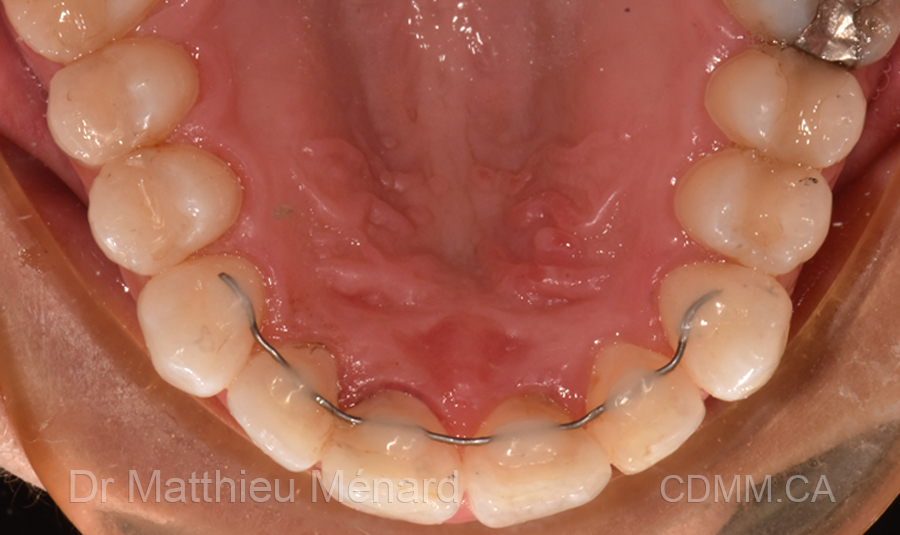 Invisalign après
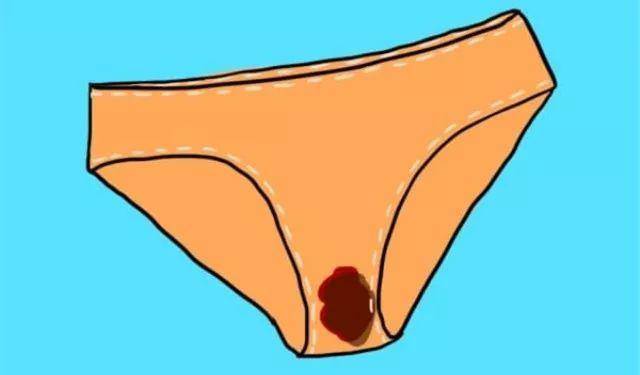 女人内裤黏黏的分泌物图片
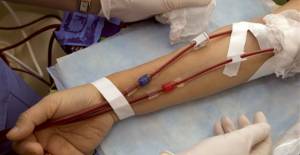 Θεσσαλονίκη: Έρευνα για πιθανό καρτέλ στα φίλτρα αιμοκάθαρσης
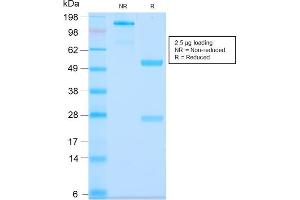 SDS-PAGE Analysis Purified MUC3 Rabbit Recombinant Monoclonal Antibody (MUC3/2992R). (Recombinant MUC3A anticorps)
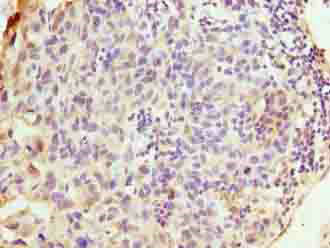 WDR62 Polyclonal Antibody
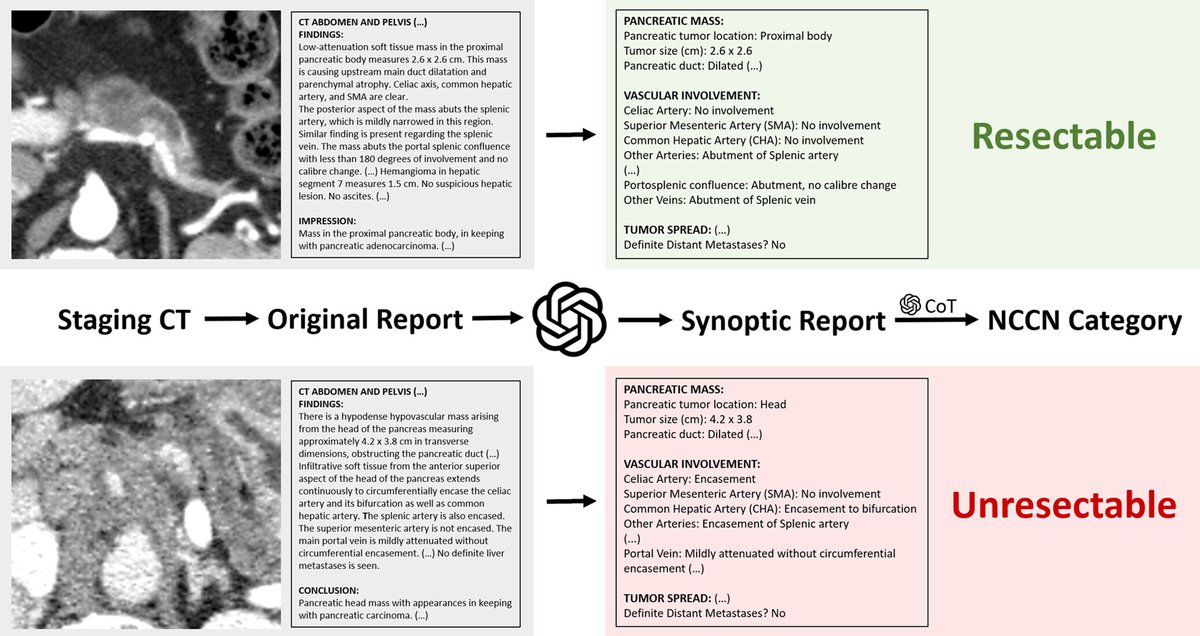 GPT-4 enabled near-perfect creation of pancreatic ductal adenocarcinoma synoptic reports from original reports and accurate resectability categorization using chain-of-thought prompting. <a href="/imagingtoronto/">University Medical Imaging Toronto (UMIT)</a> <a href="/RajeshBhayana_/">Rajesh Bhayana</a> <a href="/SatheeshToronto/">Satheesh Krishna</a> bit.ly/4cqQ8I2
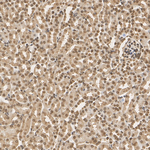 PSMB5 Antibody in Immunohistochemistry (Paraffin) (IHC (P))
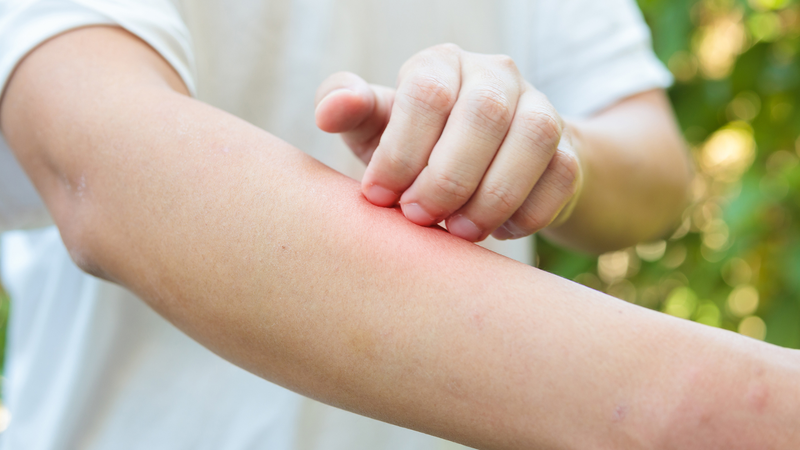 Dị ứng với rượu bia là một trong những nguyên nhân gây uống bia bị dị ứng ngứa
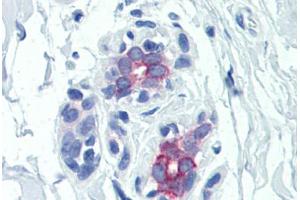 Human Breast (formalin-fixed, paraffin-embedded) stained with PRLR antibody ABIN351557 at 5 ug/ml followed by biotinylated goat anti-rabbit IgG secondary antibody ABIN481713, alkaline phosphatase-streptavidin and chromogen. (Prolactin Receptor 抗体)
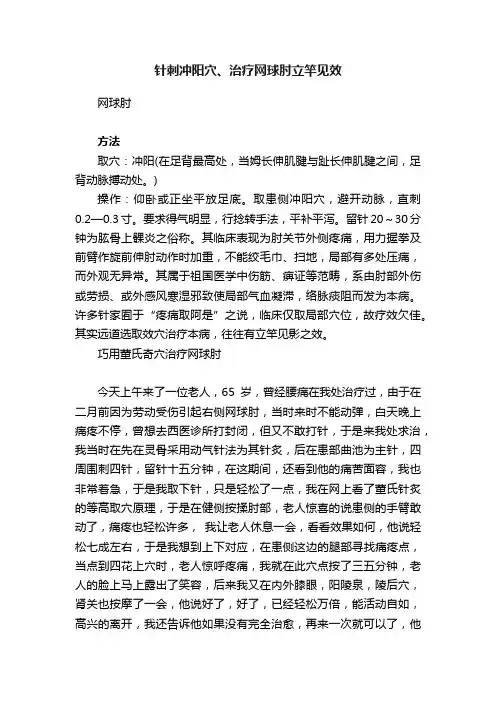 针刺冲阳穴、治疗网球肘立竿见效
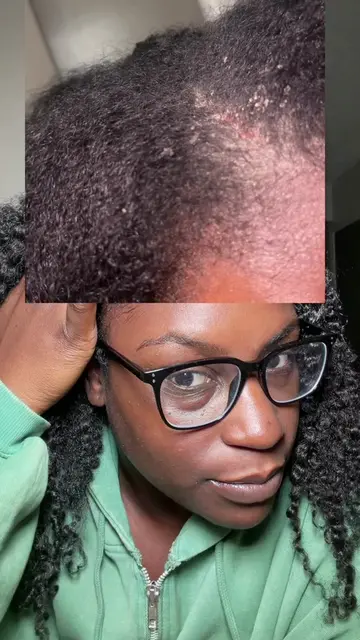 MY SCALP IS SO MUCH BETTER NOW!! #psoriasis #psoriasisawareness #dryscalp #itchy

## Task prompt
An exact repetition of all the records above is required, excluding the pictures.

## Response to this task
 Invisalign après
 女人内裤黏黏的分泌物图片
 Θεσσαλονίκη: Έρευνα για πιθανό καρτέλ στα φίλτρα αιμοκάθαρσης
 SDS-PAGE Analysis Purified MUC3 Rabbit Recombinant Monoclonal Antibody (MUC3/2992R). (Recombinant MUC3A anticorps)
 WDR62 Polyclonal Antibody
 GPT-4 enabled near-perfect creation of pancreatic ductal adenocarcinoma synoptic reports from original reports and accurate resectability categorization using chain-of-thought prompting. <a href="/imagingtoronto/">University Medical Imaging Toronto (UMIT)</a> <a href="/RajeshBhayana_/">Rajesh Bhayana</a> <a href="/SatheeshToronto/">Satheesh Krishna</a> bit.ly/4cqQ8I2
 PSMB5 Antibody in Immunohistochemistry (Paraffin) (IHC (P))
 Dị ứng với rượu bia là một trong những nguyên nhân gây uống bia bị dị ứng ngứa
 Human Breast (formalin-fixed, paraffin-embedded) stained with PRLR antibody ABIN351557 at 5 ug/ml followed by biotinylated goat anti-rabbit IgG secondary antibody ABIN481713, alkaline phosphatase-streptavidin and chromogen. (Prolactin Receptor 抗体)
 针刺冲阳穴、治疗网球肘立竿见效
 MY SCALP IS SO MUCH BETTER NOW!! #psoriasis #psoriasisawareness #dryscalp #itchy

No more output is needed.